Stored items:
• • • •

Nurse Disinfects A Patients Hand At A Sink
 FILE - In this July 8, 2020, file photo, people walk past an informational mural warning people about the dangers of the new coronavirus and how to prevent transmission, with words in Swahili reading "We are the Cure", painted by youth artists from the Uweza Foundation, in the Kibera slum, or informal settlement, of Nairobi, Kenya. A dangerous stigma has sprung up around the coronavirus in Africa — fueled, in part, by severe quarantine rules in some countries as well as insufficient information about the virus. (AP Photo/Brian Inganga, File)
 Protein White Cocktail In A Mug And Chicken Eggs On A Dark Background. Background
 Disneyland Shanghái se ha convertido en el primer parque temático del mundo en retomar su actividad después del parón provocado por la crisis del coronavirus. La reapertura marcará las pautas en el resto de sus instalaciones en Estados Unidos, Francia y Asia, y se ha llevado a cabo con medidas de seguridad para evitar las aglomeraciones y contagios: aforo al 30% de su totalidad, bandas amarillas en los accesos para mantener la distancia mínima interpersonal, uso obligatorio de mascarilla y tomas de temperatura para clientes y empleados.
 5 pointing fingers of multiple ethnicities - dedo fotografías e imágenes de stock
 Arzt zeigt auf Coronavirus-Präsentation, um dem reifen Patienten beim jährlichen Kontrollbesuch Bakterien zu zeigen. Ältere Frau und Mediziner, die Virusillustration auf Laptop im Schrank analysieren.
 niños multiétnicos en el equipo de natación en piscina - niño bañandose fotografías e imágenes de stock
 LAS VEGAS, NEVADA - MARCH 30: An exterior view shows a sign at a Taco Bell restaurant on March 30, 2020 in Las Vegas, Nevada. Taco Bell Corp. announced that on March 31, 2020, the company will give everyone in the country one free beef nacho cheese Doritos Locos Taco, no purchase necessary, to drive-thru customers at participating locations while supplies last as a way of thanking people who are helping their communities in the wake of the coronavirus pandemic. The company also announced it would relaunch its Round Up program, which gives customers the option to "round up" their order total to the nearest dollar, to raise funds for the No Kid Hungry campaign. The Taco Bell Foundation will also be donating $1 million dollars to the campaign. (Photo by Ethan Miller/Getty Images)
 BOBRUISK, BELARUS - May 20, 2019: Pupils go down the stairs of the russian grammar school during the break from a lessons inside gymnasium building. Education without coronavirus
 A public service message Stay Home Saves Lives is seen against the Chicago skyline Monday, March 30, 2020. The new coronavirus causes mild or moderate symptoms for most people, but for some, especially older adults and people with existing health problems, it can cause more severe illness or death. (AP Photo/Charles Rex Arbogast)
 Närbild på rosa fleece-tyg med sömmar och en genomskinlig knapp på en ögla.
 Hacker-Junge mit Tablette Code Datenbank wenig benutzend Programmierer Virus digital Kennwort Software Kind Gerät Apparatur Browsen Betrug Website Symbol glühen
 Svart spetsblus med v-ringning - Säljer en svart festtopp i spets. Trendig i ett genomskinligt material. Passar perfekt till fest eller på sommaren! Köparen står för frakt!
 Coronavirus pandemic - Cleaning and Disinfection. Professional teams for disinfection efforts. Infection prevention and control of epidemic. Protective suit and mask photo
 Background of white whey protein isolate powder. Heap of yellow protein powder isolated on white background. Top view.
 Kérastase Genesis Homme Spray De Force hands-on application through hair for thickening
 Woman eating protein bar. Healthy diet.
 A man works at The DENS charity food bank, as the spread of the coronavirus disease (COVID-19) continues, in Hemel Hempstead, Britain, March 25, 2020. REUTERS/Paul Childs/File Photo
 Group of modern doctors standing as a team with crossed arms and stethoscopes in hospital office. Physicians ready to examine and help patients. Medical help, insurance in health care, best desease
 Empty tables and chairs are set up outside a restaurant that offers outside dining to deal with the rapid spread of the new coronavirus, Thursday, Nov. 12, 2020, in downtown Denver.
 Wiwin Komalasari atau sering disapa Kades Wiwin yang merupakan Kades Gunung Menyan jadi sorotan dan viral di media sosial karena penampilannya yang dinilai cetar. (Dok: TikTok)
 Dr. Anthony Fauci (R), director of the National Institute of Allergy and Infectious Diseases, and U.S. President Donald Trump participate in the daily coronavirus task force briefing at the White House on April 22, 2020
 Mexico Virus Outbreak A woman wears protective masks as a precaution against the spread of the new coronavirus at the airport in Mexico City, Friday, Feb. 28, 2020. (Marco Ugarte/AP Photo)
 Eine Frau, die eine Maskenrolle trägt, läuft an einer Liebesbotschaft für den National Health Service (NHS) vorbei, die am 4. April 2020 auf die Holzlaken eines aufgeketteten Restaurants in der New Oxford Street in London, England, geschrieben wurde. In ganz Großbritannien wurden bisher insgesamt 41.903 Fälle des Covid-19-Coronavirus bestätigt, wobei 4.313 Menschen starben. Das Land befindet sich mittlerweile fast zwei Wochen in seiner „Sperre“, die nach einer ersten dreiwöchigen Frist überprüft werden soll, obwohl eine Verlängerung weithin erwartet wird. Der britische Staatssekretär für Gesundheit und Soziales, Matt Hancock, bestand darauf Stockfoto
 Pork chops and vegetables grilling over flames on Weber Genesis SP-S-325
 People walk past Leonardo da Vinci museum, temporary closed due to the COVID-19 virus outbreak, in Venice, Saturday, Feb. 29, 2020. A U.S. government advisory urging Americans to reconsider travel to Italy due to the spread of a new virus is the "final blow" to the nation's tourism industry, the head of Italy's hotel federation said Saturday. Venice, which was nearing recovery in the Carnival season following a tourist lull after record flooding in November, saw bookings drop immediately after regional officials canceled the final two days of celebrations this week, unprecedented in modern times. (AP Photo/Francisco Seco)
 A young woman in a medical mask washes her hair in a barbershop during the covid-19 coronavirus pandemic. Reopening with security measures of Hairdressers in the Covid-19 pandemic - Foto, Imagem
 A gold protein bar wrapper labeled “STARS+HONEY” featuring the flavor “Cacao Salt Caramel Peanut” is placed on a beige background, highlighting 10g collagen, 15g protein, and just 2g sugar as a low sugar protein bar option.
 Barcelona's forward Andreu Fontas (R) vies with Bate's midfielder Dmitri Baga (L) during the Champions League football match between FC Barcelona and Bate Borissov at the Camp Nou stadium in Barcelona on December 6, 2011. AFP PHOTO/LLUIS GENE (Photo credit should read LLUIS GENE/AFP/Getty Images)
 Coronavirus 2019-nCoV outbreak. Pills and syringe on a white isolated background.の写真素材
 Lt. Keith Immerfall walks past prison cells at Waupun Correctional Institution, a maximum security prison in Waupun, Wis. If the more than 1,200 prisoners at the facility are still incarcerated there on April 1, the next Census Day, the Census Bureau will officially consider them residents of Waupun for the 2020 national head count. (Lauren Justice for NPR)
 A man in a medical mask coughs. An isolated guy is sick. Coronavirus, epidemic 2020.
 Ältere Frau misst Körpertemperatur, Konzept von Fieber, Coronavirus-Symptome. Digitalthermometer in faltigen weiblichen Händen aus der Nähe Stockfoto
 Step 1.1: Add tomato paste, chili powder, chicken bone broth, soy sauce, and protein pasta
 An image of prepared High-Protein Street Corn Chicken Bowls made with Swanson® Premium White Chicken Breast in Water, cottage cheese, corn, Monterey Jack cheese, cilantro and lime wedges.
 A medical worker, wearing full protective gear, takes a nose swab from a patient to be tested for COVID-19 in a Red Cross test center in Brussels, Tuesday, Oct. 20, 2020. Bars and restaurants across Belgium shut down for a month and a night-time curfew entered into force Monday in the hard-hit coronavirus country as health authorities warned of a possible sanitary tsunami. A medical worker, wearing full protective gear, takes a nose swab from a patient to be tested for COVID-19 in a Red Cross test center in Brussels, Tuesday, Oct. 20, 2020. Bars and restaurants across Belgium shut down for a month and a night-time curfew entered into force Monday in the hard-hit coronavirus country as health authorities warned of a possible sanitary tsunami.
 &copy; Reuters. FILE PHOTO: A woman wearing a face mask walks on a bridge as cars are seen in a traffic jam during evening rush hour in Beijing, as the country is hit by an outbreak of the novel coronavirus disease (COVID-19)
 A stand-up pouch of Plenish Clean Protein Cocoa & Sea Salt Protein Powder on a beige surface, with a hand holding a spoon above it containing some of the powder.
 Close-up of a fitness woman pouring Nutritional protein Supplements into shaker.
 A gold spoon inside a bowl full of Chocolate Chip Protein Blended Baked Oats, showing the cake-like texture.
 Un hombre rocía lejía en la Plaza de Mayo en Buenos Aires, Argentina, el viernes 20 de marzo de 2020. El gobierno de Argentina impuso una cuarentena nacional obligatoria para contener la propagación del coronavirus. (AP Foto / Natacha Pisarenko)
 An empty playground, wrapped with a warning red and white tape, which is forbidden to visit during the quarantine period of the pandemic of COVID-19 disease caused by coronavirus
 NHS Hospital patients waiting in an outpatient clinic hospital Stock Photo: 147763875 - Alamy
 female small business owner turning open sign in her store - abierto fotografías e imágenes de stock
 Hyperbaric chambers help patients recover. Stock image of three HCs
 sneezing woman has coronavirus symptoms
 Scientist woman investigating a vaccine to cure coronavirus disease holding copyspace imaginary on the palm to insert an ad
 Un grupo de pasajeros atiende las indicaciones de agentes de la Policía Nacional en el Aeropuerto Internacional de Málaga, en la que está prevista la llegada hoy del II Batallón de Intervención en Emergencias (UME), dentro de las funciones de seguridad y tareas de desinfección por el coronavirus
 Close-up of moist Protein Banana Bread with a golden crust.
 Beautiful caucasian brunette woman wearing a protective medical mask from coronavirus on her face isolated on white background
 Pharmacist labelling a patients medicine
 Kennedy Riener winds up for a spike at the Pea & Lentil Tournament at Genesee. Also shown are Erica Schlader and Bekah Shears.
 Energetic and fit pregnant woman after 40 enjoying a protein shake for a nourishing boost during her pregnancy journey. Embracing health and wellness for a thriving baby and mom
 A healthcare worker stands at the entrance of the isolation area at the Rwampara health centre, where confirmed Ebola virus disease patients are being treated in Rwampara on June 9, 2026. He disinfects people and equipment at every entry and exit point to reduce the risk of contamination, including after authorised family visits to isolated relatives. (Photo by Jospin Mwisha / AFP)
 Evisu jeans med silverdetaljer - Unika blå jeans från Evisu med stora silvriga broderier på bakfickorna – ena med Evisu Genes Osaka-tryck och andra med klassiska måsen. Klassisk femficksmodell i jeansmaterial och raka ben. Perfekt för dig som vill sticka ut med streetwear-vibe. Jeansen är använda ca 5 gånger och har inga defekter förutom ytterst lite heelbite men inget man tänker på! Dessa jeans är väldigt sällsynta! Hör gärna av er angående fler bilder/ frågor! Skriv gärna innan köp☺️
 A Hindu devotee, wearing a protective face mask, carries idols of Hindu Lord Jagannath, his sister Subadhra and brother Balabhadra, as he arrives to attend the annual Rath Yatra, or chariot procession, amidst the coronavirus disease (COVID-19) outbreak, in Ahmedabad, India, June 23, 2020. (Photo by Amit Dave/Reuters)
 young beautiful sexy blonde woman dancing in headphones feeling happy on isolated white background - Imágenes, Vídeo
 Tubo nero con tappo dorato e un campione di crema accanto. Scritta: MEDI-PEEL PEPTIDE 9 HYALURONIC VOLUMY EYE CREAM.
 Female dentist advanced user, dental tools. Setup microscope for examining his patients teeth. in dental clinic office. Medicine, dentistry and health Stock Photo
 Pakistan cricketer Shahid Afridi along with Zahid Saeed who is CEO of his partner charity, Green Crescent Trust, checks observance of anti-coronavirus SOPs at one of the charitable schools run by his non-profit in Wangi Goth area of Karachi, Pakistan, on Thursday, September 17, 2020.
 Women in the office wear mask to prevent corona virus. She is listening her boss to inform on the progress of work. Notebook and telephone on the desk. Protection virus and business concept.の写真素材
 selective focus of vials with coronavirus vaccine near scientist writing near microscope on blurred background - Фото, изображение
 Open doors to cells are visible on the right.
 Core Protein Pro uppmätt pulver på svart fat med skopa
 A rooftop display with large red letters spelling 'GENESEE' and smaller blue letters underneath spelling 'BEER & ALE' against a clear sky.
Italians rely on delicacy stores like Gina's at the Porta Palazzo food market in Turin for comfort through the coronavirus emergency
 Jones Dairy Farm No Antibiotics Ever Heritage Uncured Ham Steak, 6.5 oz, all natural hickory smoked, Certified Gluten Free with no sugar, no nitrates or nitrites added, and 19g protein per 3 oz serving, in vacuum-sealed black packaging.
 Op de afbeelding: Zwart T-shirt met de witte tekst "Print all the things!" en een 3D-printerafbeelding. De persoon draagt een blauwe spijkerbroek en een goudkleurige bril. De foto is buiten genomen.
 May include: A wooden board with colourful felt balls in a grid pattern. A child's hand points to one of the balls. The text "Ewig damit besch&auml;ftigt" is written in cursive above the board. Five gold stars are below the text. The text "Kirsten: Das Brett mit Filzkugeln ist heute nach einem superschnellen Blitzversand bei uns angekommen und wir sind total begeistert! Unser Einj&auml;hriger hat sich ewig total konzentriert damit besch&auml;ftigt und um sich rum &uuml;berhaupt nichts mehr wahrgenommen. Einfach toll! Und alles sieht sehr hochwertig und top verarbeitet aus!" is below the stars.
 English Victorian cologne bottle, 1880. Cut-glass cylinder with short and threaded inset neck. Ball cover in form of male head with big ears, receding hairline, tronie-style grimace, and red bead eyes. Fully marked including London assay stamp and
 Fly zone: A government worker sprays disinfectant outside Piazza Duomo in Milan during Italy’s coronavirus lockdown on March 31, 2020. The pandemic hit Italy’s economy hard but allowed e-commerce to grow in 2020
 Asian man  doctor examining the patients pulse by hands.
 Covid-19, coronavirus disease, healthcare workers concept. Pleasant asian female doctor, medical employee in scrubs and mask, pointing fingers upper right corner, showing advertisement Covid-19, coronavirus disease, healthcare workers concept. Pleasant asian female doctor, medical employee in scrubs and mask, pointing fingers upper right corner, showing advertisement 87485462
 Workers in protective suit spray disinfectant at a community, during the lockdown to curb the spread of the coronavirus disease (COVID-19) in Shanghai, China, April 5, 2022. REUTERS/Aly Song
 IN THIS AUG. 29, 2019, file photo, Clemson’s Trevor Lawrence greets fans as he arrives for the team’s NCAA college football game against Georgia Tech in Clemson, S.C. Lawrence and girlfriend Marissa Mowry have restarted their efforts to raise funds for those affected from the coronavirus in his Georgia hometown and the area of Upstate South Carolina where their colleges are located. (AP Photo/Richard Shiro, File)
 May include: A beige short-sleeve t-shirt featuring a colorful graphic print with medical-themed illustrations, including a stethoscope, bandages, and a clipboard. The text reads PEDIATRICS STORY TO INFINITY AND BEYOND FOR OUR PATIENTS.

• • • •

Instructions to follow
What is needed is an exact repetition of the lines from the first line of the records through the line containing "Protein White Cocktail", both ends included, and nothing more.

Reply
Nurse Disinfects A Patients Hand At A Sink
 FILE - In this July 8, 2020, file photo, people walk past an informational mural warning people about the dangers of the new coronavirus and how to prevent transmission, with words in Swahili reading "We are the Cure", painted by youth artists from the Uweza Foundation, in the Kibera slum, or informal settlement, of Nairobi, Kenya. A dangerous stigma has sprung up around the coronavirus in Africa — fueled, in part, by severe quarantine rules in some countries as well as insufficient information about the virus. (AP Photo/Brian Inganga, File)
 Protein White Cocktail In A Mug And Chicken Eggs On A Dark Background. Background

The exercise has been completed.